Tutor profile: Dylan H.

$$a^2–26a+69=0$$. If $$a–5>0$$, what is the value of a? A. 3 B. 5 C. 18 D. 23

There are two methods for solving this problem. First there is the "plug-and-chug" method, which involves testing the answer choices. From $$a–5>0$$, we have that $$a>5$$ so answers A and B are not correct. So now we plug $$18$$ and $$23$$ into $$a^2–26a+69=0$$. By calculation, $$a=23$$ so D is the answer. The second method involves solving the polynomial $$a^2–26a+69=0$$ for $$a$$. There are several methods to factor this including using the quadratic equation or completing the square. We will use completing the square because it involves little computation: $(a^2-26a=-69$) We add $$(26/2)^2=169$$ to both sides then factor the left-hand side of the equation: $(a^2-26a+169=-69+169$) $((a-13)^2=100$) Taking the square root, we have $$a-13=\pm10$$. Thus, $$a=3$$ and $$a=23$$. The second equation tells us that $$a>5$$ so $$a=23$$ (option D) is the solution.

Show that $$1+2+3+...+n=\frac{n(n+1)}{2}$$.
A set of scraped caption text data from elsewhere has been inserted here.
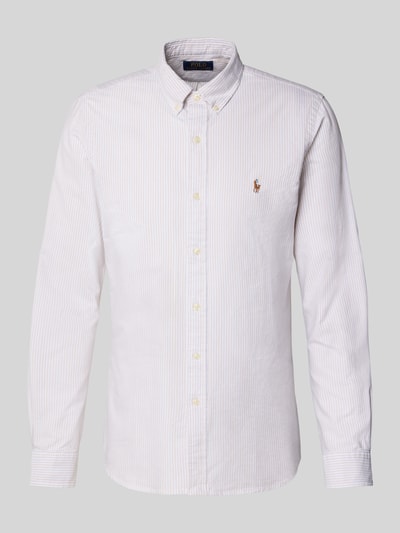 Polo Ralph Lauren Slim Fit Freizeithemd mit Button-Down-Kragen Beige 2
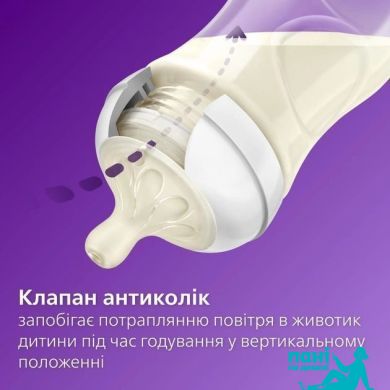 Пляшка скляна NATURALS 3.0 Avent, 120мл 3936407 фото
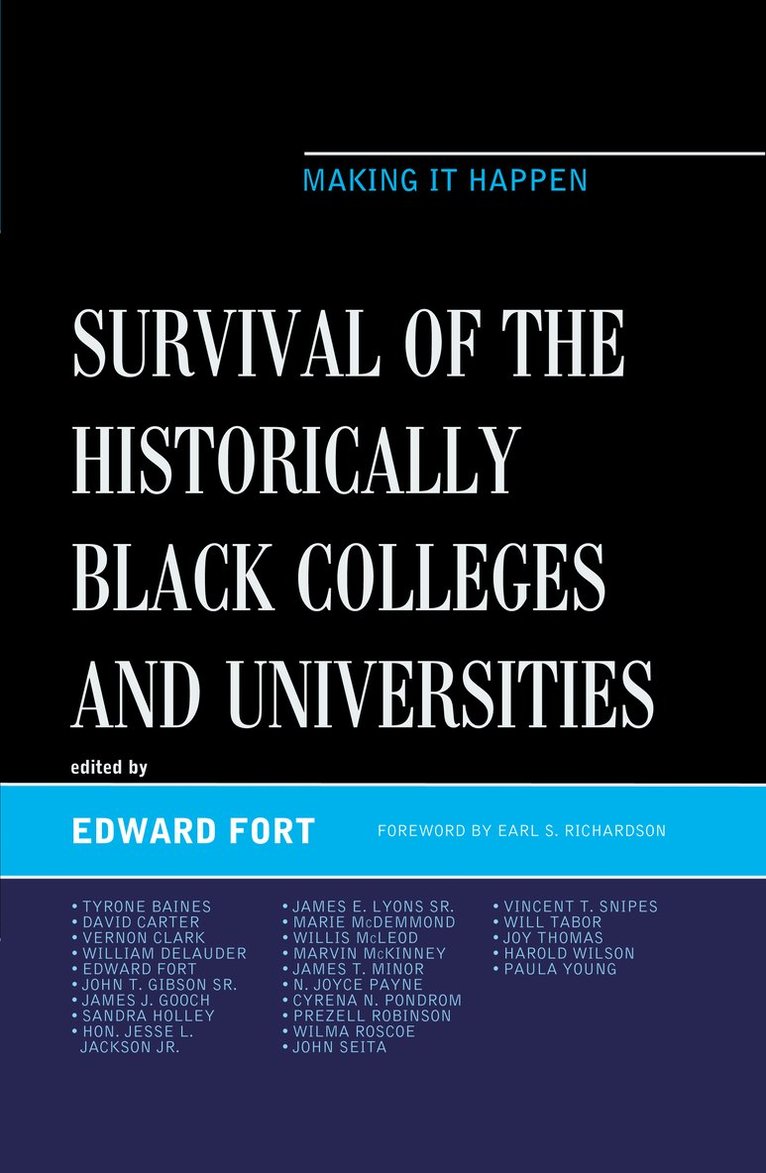 Survival of the Historically Black Colleges and Universities 1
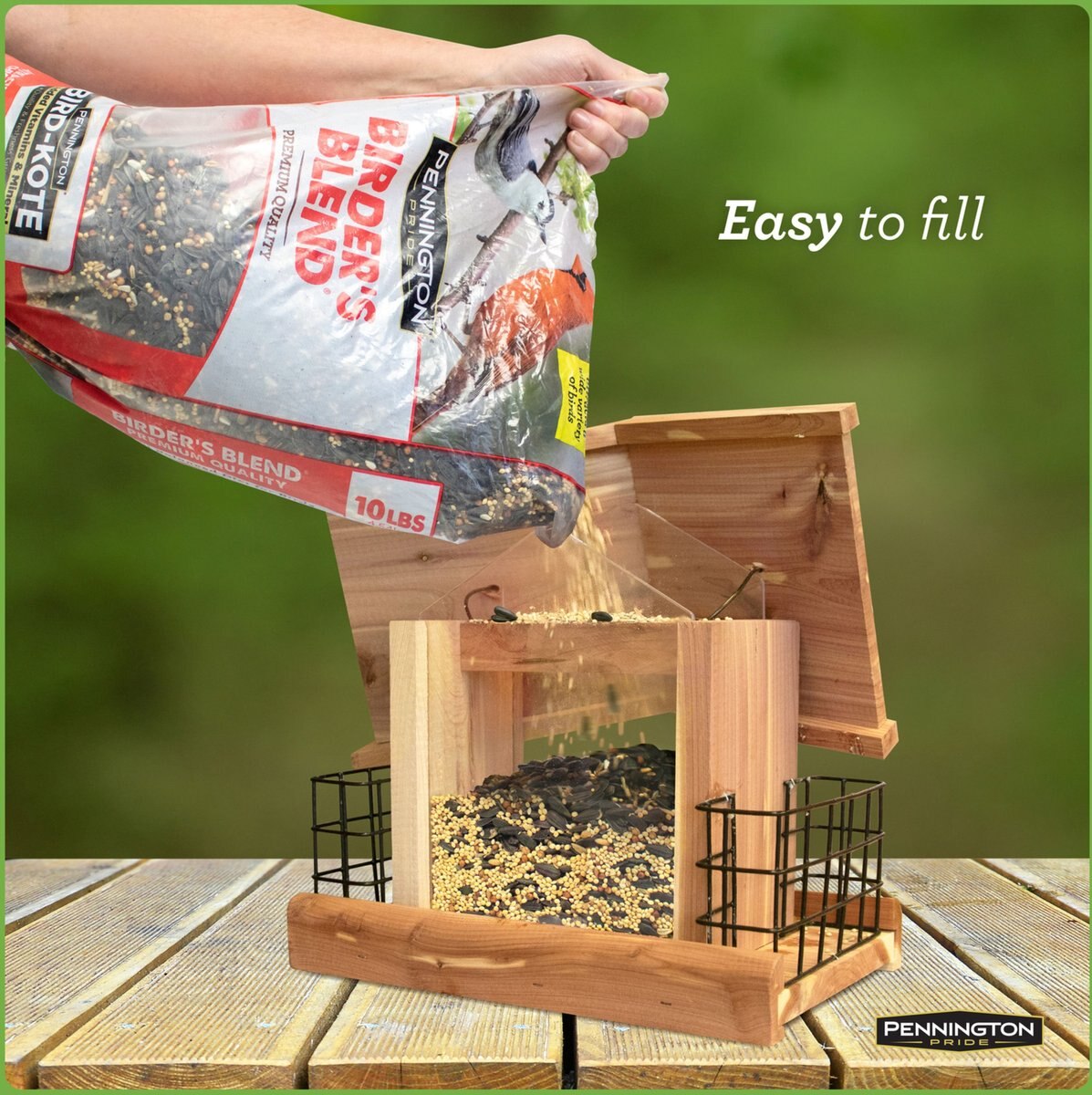 Pennington Cedar Chalet Bird Feeder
We prove this by induction. First, the base case of $$n=1$$ has that $$1=\frac{1(1+1)}{2}$$. This is true, so we assume $$1+2+3+...+n=\frac{n(n+1)}{2}$$ for the purpose of induction. We need to show that $$1+2+3+...+n+(n+1)=\frac{(n+1)(n+2)}{2}$$. By our inductive assumption, we have that $$1+2+3+...+n+(n+1)=\frac{n(n+1)}{2}+(n+1)$$. Using algebra, we simplify: $(=\frac{n^2+n}{2}+\frac{2n+2}{2}=\frac{n^2+3n+2}{2}=\frac{(n+1)(n+2)}{2}$) This closes the induction and we have shown what was needed.

Derive the derivative for $$y = x^3$$.

The derivative is the instantaneous change in a function at a point. The change in a function is the estimated by the linear change between two nearby points on that line: $(\frac{(x+x_0)^3-x^3}{(x+x_0)-x}$) where $$x_0$$ is the difference between our initial value of $$x$$ and our other value for $$x$$ on the function. It can be visually shown that as $$x_0$$ becomes smaller, the slope is closer to the slope at $$x$$ itself. (I can't show this here because the website doesn't integrate graphing.) We now simplify the equation from above using algebra: $(=\frac{3x^2x_0+3xx_0^2+x_0^3}{x_0}=3x^2+3xx_0+x_0^2$) This allows us to take the limit as $$x_0$$ approaches $$0$$. (Notice that this is different from dividing by $$0$$ because $$x_0$$ only approaches $$0$$ but never IS $$00$$.) So, we have: $(=3x^2+3x(0)+0^2=3x^2$) Thus, the derivative of $$y=x^3$$ is $$\frac{dy}{dx}=3x^2$$.